# looted wagon help



## lokis222 (Mar 14, 2009)

I am planning on making a looted wagon for my ork army and I was wondering what people would suggest is the best tank base. I am leaning towards imperial or space marines. I want treads but am open to suggestions.
Cheers.


----------



## Azkaellon (Jun 23, 2009)

lokis222 said:


> I am planning on making a looted wagon for my ork army and I was wondering what people would suggest is the best tank base. I am leaning towards imperial or space marines. I want treads but am open to suggestions.
> Cheers.


I would say go for something unique such as the Necron Triarch stalker or a Tyranid Looted Carnifex


----------



## SGMAlice (Aug 13, 2010)

Most people tend to use either a Chimera or a Rhino. They are a solid base for a Looted Wagon but are very common.

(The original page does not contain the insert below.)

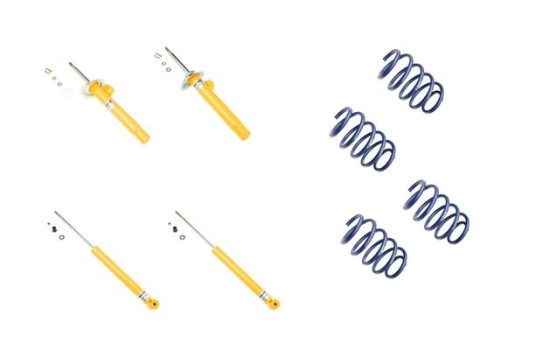Jeu de suspensions, ressorts/amortisseurs SPORT KIT, Image 3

Maybe use something that is not so common like a Wave Serpent or Devil Fish.

Alice


----------



## lokis222 (Mar 14, 2009)

i was leaning towards a leman russ, a vindicator, or the hellhound (name?) that flame tank from the imperial guard codex. i want something that looks tank-like.


----------



## SGMAlice (Aug 13, 2010)

Leman Russ' have been done to death too. A Vindicator would be unusual enough though.
I still say you use a Devil Fish/Hammerhead 

I think for my next one i will be 'welding' some wheels to a Wave Serpent :biggrin:

Alice


----------



## Viscount Vash (Jan 3, 2007)

I tend to use Imperial tanks, 
mainly because they have always been the most available in a condition where I am happy to pay the price to chop them about so much.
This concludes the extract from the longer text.